= Beginning of Section =
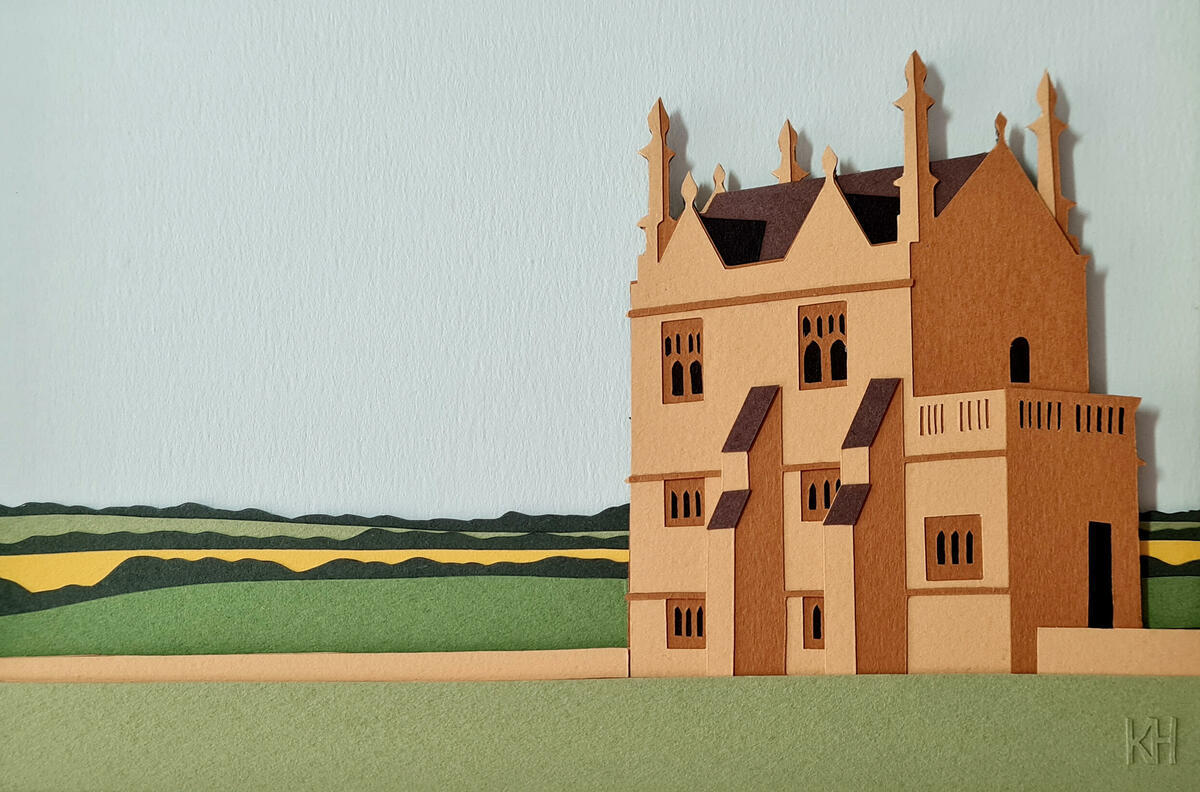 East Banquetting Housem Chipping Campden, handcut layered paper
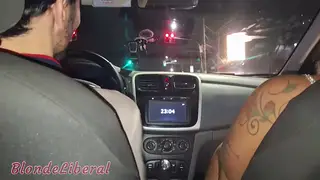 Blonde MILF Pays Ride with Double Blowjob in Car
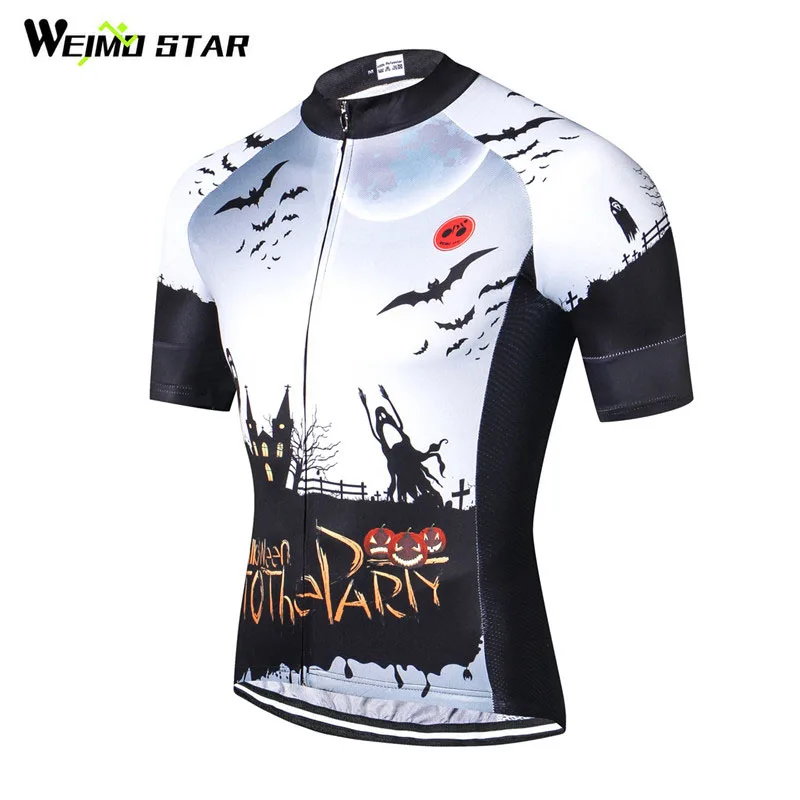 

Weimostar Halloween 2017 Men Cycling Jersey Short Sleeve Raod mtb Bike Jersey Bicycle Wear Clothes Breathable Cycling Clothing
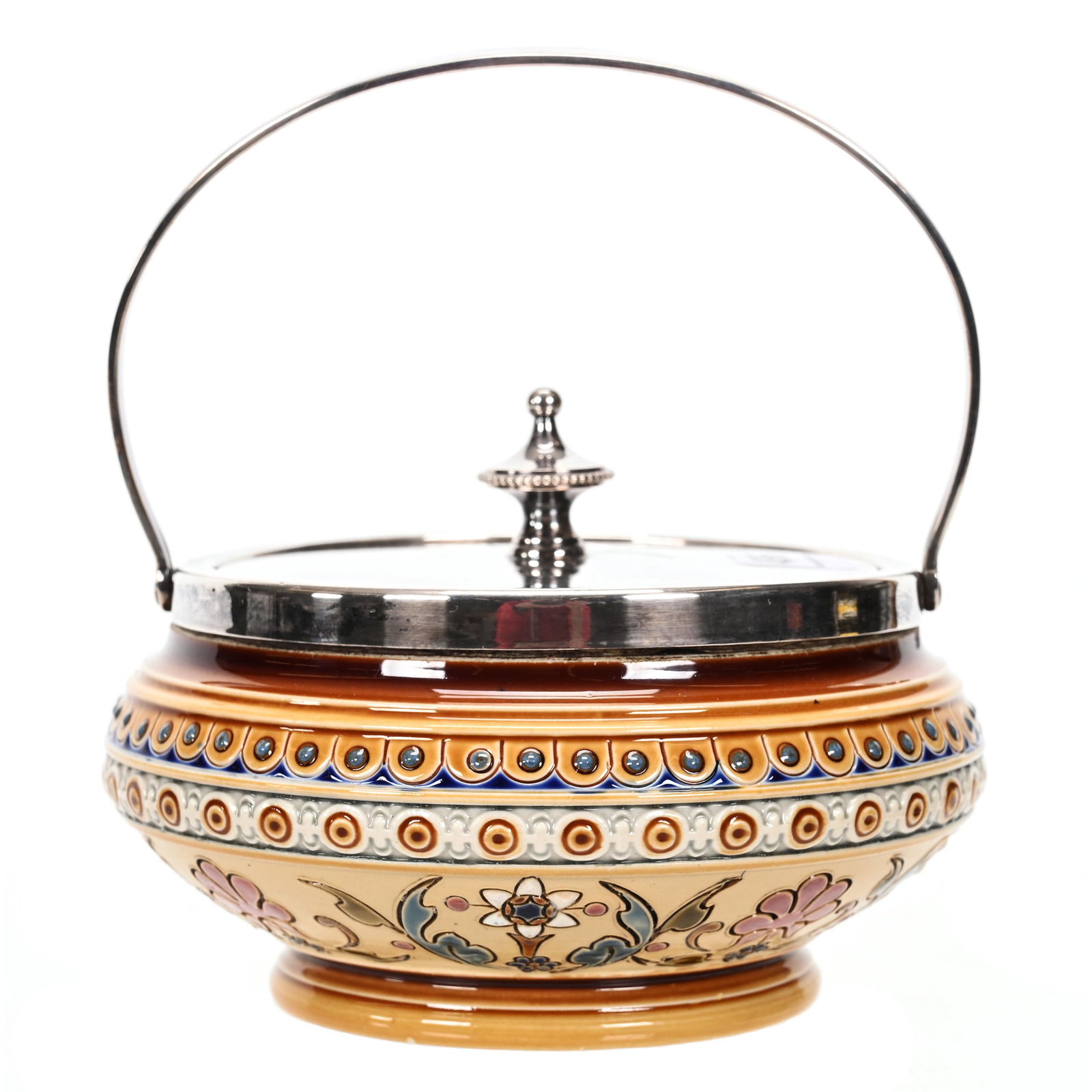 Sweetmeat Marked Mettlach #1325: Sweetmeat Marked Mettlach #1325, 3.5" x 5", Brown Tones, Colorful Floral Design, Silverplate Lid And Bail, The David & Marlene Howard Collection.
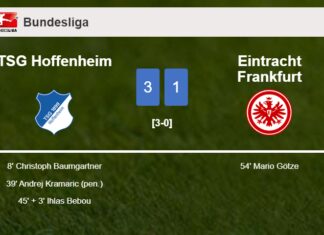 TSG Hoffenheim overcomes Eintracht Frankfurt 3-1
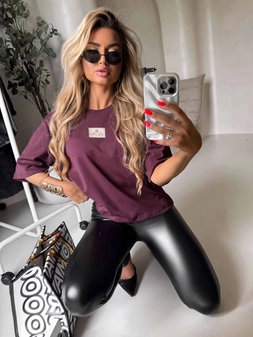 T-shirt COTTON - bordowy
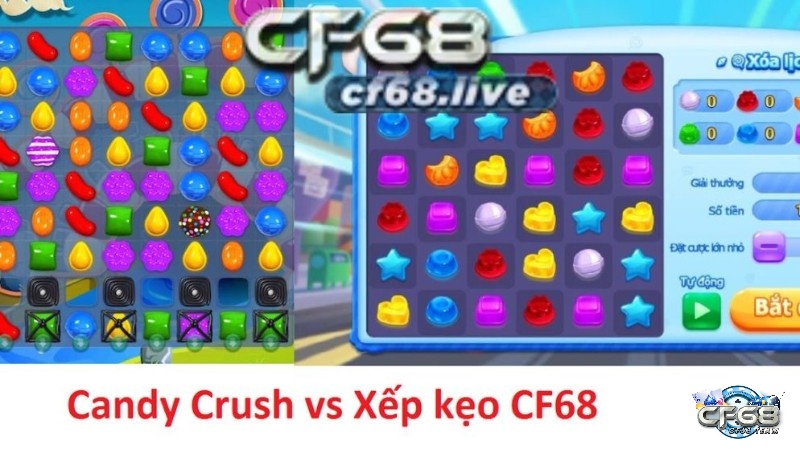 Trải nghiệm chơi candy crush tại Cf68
= End of Section =
[Task directions]:
Every entry must be written out exactly, with all pictures left out.

[Your response]:
 East Banquetting Housem Chipping Campden, handcut layered paper
 Blonde MILF Pays Ride with Double Blowjob in Car

Weimostar Halloween 2017 Men Cycling Jersey Short Sleeve Raod mtb Bike Jersey Bicycle Wear Clothes Breathable Cycling Clothing
 Sweetmeat Marked Mettlach #1325: Sweetmeat Marked Mettlach #1325, 3.5" x 5", Brown Tones, Colorful Floral Design, Silverplate Lid And Bail, The David & Marlene Howard Collection.
 TSG Hoffenheim overcomes Eintracht Frankfurt 3-1
 T-shirt COTTON - bordowy
 Trải nghiệm chơi candy crush tại Cf68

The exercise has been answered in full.